Regarding the effect that perceived employability exerts on job satisfaction, several authors have shown a positive relationship between both variables (Hillage and Pollard, 1998; Forrier and Sels, 2003; Berntson and Marklund, 2007; De Cuyper et al., 2008). Though distinguishing between measures of extrinsic and intrinsic job satisfaction, Gamboa et al. (2009) found positive relationships between perceived employability and both dimensions of job satisfaction. Furthermore, perceived employability has been explored for intrinsic and extrinsic job aspects (Van Emmerik et al., 2012): for intrinsic aspects, worker sense of competence improves their perceived employability; while extrinsic aspects relate to perceived employability via the perception of, for example, upward mobility (perceiving more opportunities to achieve different tangible rewards).
The aforementioned job demands-resources model, in which job insecurity as job demand can affect extrinsic and intrinsic dissatisfaction, while perceived employability as personal resource can affect higher intrinsic and extrinsic levels of satisfaction (Lu et al., 2015; De Cuyper et al., 2018), has led to the following hypothesis:
Hypothesis 2: Perceived employability will moderate the relationship between job insecurity and intrinsic (H2a) and extrinsic (H2b) job satisfaction. The negative relationship between job insecurity and job satisfaction will be weaker under the condition of high versus low perceived employability.
Age as Moderator
As a demographic factor, age has the potential to affect job insecurity and its relationship with job satisfaction. Though empirical evidence on the relationship between age and job insecurity is not entirely clear, some studies have shown that younger people experience higher levels of job insecurity (Roskies and Louis-Guerin, 1990; Keim et al., 2014). However, other studies have reported that older people experience higher levels of job insecurity (Mohr, 2000; Näswall and De Witte, 2003). Interestingly, Fullerton and Wallace (2007) identified a curvilinear relation between age and job insecurity.
The impact of age on the relationship between job insecurity and job satisfaction might be influenced by age stereotypes: according to Posthuma and Campion (2008), negative consequences of age-related stereotypes include lowered motivation, capacities, productivity, sense of belonging, and higher difficulties in learning and resistance to change. Stereotypes regarding older people are different in each life domain (Kornadt and Rothermund, 2011), and have been consistently refuted in the work domain (Posthuma and Campion, 2008). Even so, when these stereotypes are negative, they can have adverse effects on self-esteem, encourage discrimination, and even self-exclusion (Weiss et al., 2013). Meta-stereotypes can also play a role within this dynamic. Meta-stereotypes are beliefs a person has about the stereotypes that others, typically individuals outside the group, have of them; these assumptions vary according to the outside reference group (Vorauer et al., 1998).
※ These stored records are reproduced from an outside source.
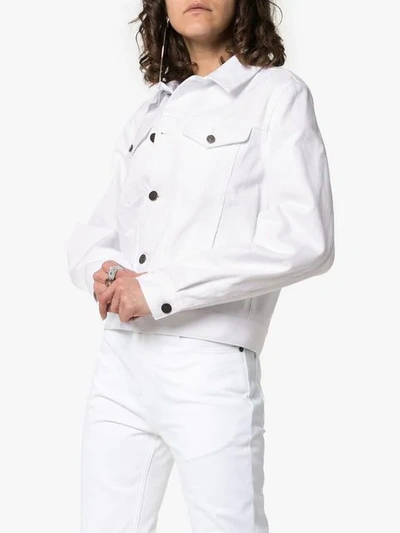 Shop Calvin Klein 205w39nyc Jaws Print Collared Denim Jacket In White
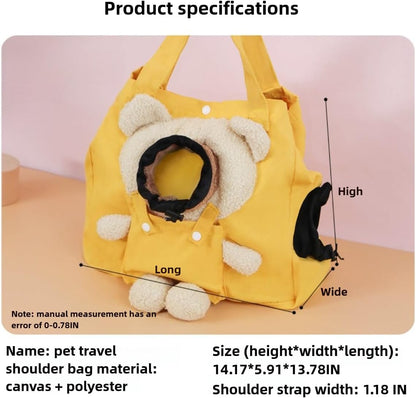 Portable Pet Travel Bag, Crossbody Canvas Tote with Cute Bear Design and Dual Peek-a-Boo Holes, Single-Shoulder Carry, Suitable for Small Dogs (Yellow Little Bear,up to 16.5 pounds)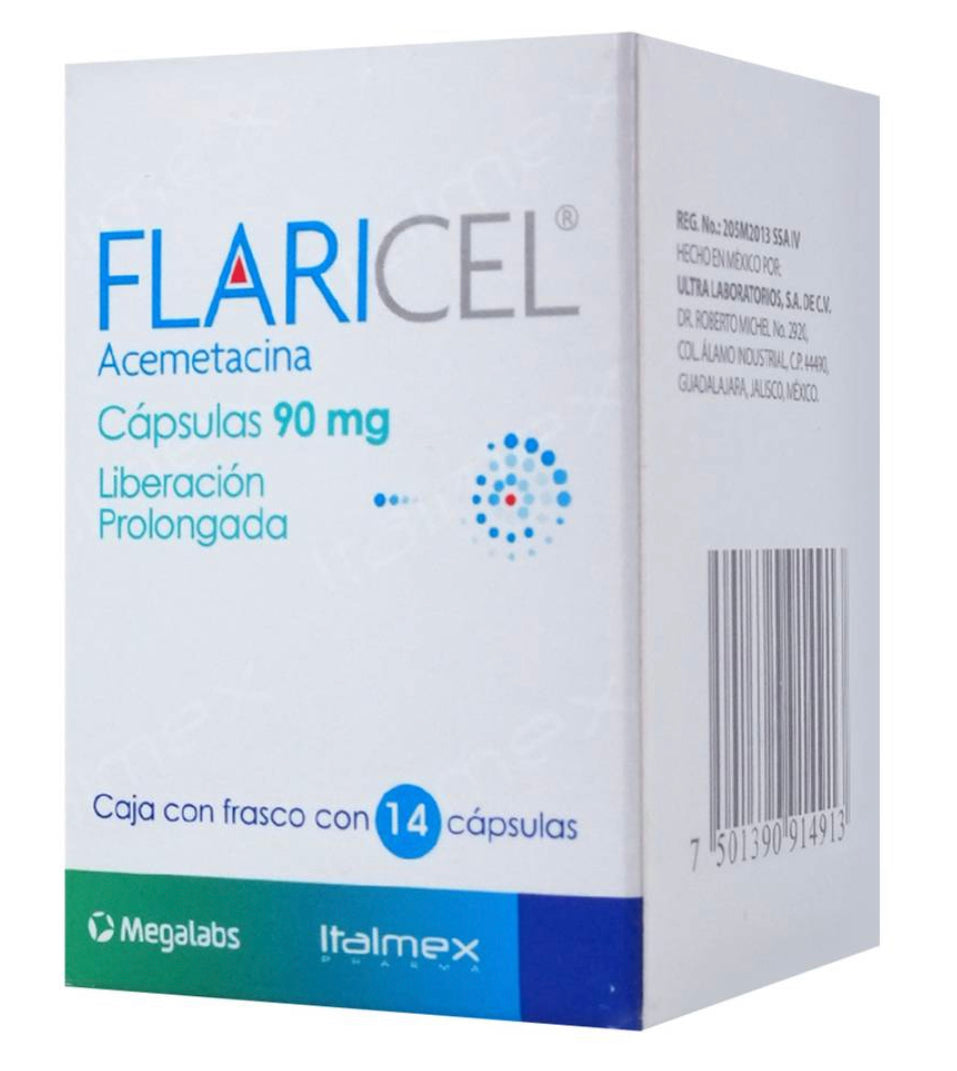 Flaricel Acemetacina 90 mg con 14 cápsulas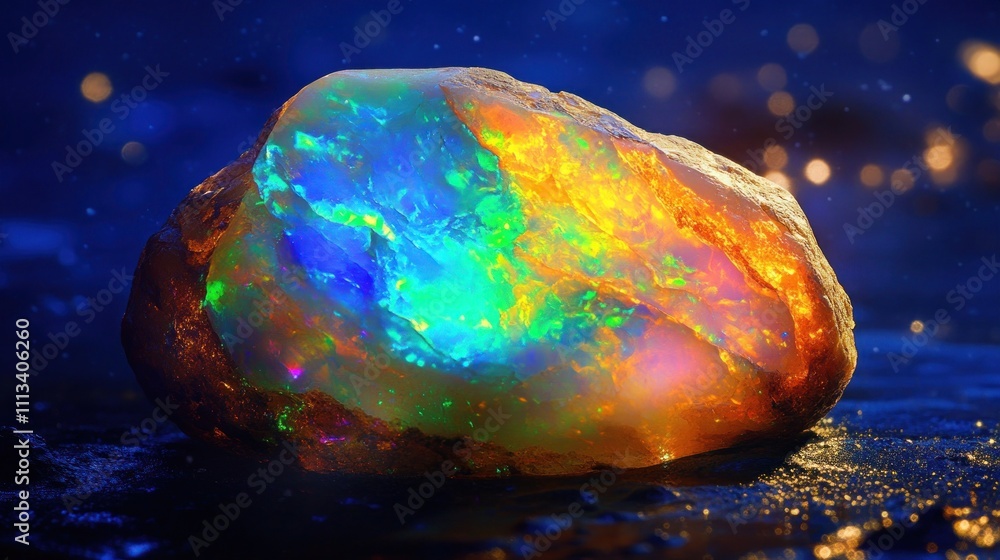 Poster a luminous opal stone displaying vibrant colors and intricate patterns.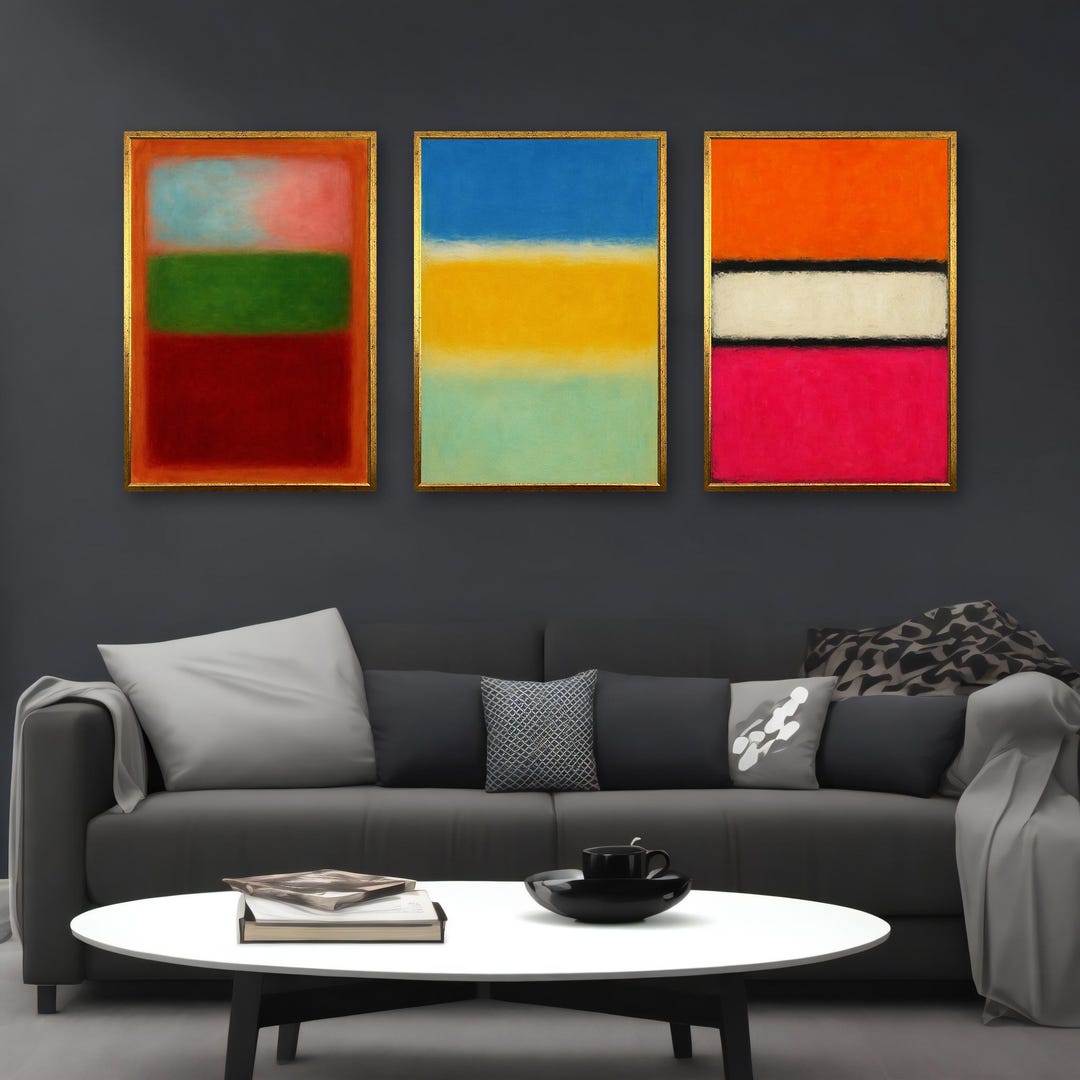 Mark Rothko Canvas Painting Set No 2 No 8 No 16 – Bright Color Block ...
Meta-stereotypes can be classified as positive or negative, and they result in several reactions. For example, a positive meta-stereotype can activate emotions such as happiness and satisfaction or may lead to a sense of threat; a negative-stereotype may also be perceived as a threat, or as an opportunity and a source of motivation (Finkelstein et al., 2015). However, negative meta-stereotypes are more likely to negatively affect perceived employability (Owuamalam and Zagefka, 2014; Finkelstein et al., 2015). Finkelstein et al. (2013) found that older workers focus mainly on negative characteristics, tending to believe younger people view them as boring, old, stubborn, and grumpy. Although these meta-stereotypes were proven not to be accurate, even so, younger workers, described them as responsible, mature, and hard working. Notwithstanding that older workers thought middle-aged workers see them less negatively than younger people, stereotypes were actually more positive than what they expected.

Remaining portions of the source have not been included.